Even though Mandelson oversaw the early morning media and strategy call with key No 10 officials, he was finding it increasingly difficult to ensure that the decisions taken that morning were implemented. Few in No 10 seemed capable of telling the prime minister when he was wrong. On Afghanistan, for instance, Brown had finally got his act together but for long periods seemed unable to focus in a sustained way.
At one point Mandelson seemed exasperated by Brown\'s ability to communicate. The problem was that Brown simply could not communicate with the electorate. The comparison with Tony Blair was left unsaid.
There was then the strange, albeit brief, period when Mandelson toyed with returning to Europe in the new role of the EU\'s foreign policy supremo. Brown had initially given his blessing to David Miliband, the foreign secretary, taking the job when the offer came. But when Miliband declined, Brown barred Mandelson from putting himself forward. The thinking appeared to be that it would not reflect well on the Brownite ship if rats deserted a vessel so soon after rejoining it.
The crystallising moment came with the pre-budget report a fortnight later. His friends said Mandelson felt he had fought and lost a major internal battle on strategy, economics and communications. His strategic aim had been to ensure that Labour sounded credible and detailed enough about how to tackle the £175bn deficit. He and his allies fought to ensure that specific cuts were agreed, but then few were spelled out by Alistair Darling in the PBR.
Mandelson thought the party would have gained credit for leadership and courage by telling the electorate the unpalatable news of what was necessary in straitened times. Instead, the focus was on spending rises in health, schools and police, dwelling on the good news rather than the bad. Ed Balls and Yvette Cooper might have been seen off in their efforts to lower the new 50p top rate of tax to those earning £100,000 or more rather than £150,000. But Brown had sided with Balls in deciding to rule out a deferred rise in VAT supported by the Treasury.
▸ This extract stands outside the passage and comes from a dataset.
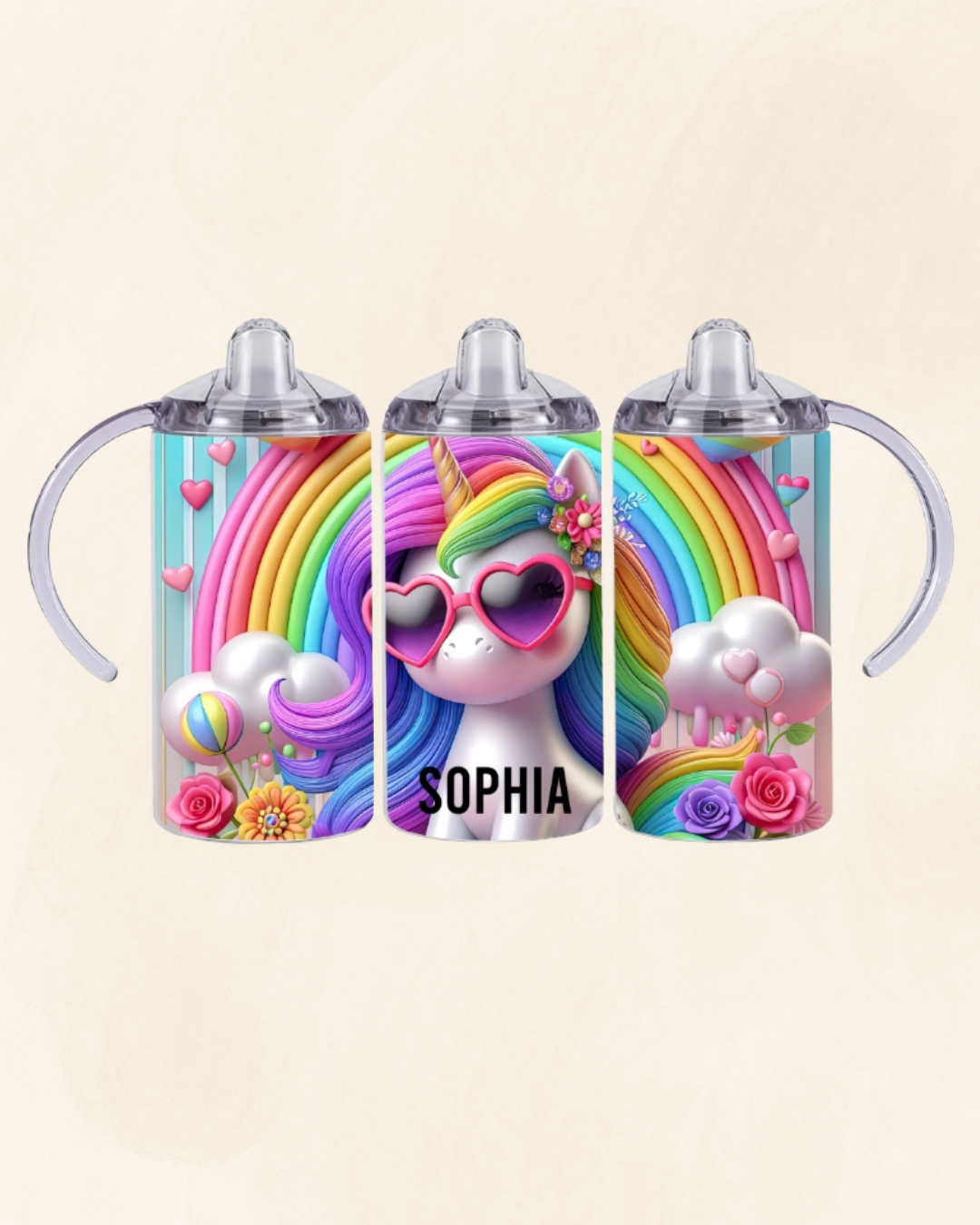 Personalised Unicorn Sippy Cup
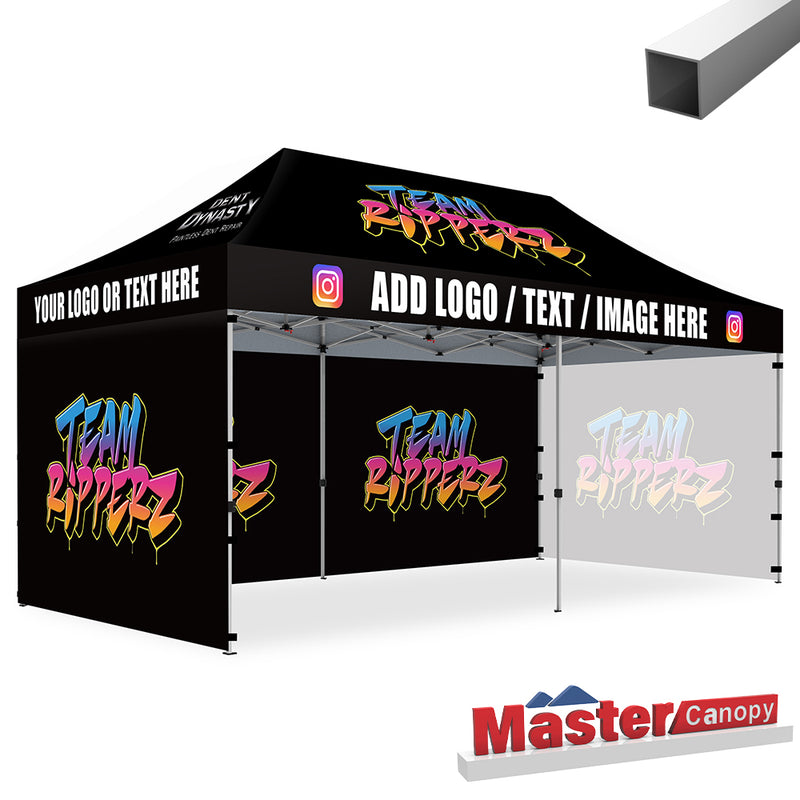 Load image into Gallery viewer, Mastercanopy Lite-30 Custom Canopy Tent Deluxe Easy Pop‑up Personalized 10x10, 10x15, 10x20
Although the policy differences between Balls and Mandelson can be exaggerated, Balls was the overall winner from the internal battle that in turn may yet set the battle lines for the election. In his Tribune column just before Christmas, Balls was the man writing with gusto about the dividing lines with the Tories on tax and spend successfully outlined by the PBR. In his darker moments Mandelson feared Balls was leading the party to a core vote strategy.
The issue subsequently has been what would the business secretary do about all this. He probably senses that many in the cabinet harbour severe doubts about Brown\'s electability. Unlikely figures such as Harriet Harman and even Balls have privately voiced their concerns, but in the case of Harman regard the mayhem of replacing Brown worse than battling on as now. Miliband has not shown, in the words of one cabinet minister, that he has the lead in his pencil to act decisively against the prime minister.
Owing to the Tolstoyesque psychodrama that formed New Labour, and his personal determination not to betray Brown, Mandelson will not join any last-minute deputation to ask him to stand aside for the good of the party. So it is likely that nothing will happen.
As he likes to remind people, Mandelson regards himself as a fighter not a quitter. It is not his instinct to give up, and those who suggested he had, or was, becoming disengaged from Downing Street only served to anger him.
No decisions have been announced, but he is still likely to head the election campaign, aided by Douglas Alexander and David Muir.
But it is perilously late for the party to finalise its election strategy.